Friday, January 10, 2014

Interpretation 101 ....................... Parables 065

Bumper stickers and Bible verses have something in common: To correctly understand them, you sometimes need to know the mind-set of the person who wrote them, the meaning of the words used, who they are written to, and whatever other background that will clarify their meaning.

For instance, there is the sticker that says something about the person “left with the most toys - wins” Left where? What toys? Wins what? Did a greedy child write this, or a materialistic-minded adult, or someone who was very disillusioned with life?

Bible interpretation is something like that too. One example is a verse in Proverbs that says, “Evil men do not understand justice, but they that seek the Lord understand all things.” If the last part of this verse was lifted off the page, burned in wood, and put on the wall for a plaque, I would be perplexed. I seek the Lord daily, yet there are some things about life that do not make sense. Does that make the Bible wrong when it says that those who seek the Lord can understand all things?

Since God never makes mistakes, the answer must be in the interpretation. I need to know more; such as who did He inspire to write this, who was it written to, and why? What was the intent? What does the rest of the Bible say about this?

First of all, Solomon, a king of Israel, wrote Proverbs 28:5, the above verse. Reading it in context shows that the scope of “understanding all” is perhaps narrowed by the first part of the verse. Since it says that the evil person does not understand justice, it seems more fitting with the rest of the Bible to assume that those who seek the Lord understand “all things about justice.” Nowhere does it say that we will know everything about everything, at least not in this life.

Further reading finds that Solomon was a young man when God appeared to him in a dream with, “Ask what I shall give you.” (I Kings 3) 

Solomon humbly admitted that he was but a child, and did not have a great deal of understanding, so he made this request, “Give thy servant an understanding heart to judge thy people, that I may discern between good and bad: for who is able to judge this thy so great a people?” He wanted to understand justice.

God promised in response, “Because you have asked this thing, and not asked long life for yourself, or riches, or the life of your enemies, but have asked for understanding to discern judgement (or justice); I have done according to your words:, I have given you a wise and understanding heart; so that there was none like you before you, neither shall any arise like you after you. And I have also given you which you did not ask, both riches and honor: so that there shall not be any among the kings like you all your life. And if you walk in my ways, to keep my statutes and commandments... then I will lengthen thy days.” 

Knowing the writer, his background, and God’s promise to him, helps to make sense of that verse he wrote. A person to whom God had granted such unique understanding of justice could write such a statement. Solomon knew what he was talking about.

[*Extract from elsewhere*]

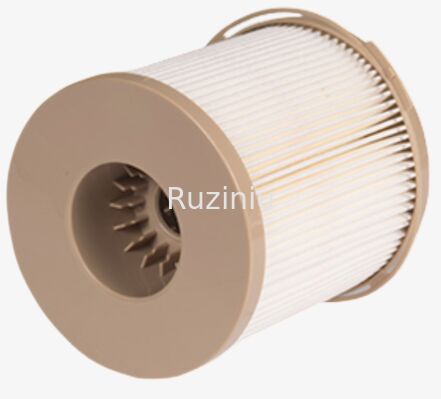 Filtr paliwa SANY 60273110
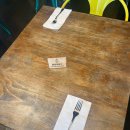 인(INN) | 대만 여행 가오슝 그리트인 조식 후기 Greet Inn 호텔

Other portions of his writing add meaning, such as Proverbs 3:5,6 where he warns not to rely on our own reasoning but to trust the Lord with all our heart, and follow His ways. Solomon learned from experience that even God’s wisdom has no personal value if it is received but not obeyed. Hence evil people will not have a true understanding of justice because they are not obedient to it.

Bible study is not particularly easy. Because we do rely on our own understanding, we can sometimes get off target. Also, grabbing a verse here and there to put together a theology is spiritually dangerous.

Solomon sets a good example. A humble dependance upon the Lord, and a full acknowledgment of our needy condition are both important attitudes with which to approach the Word of God.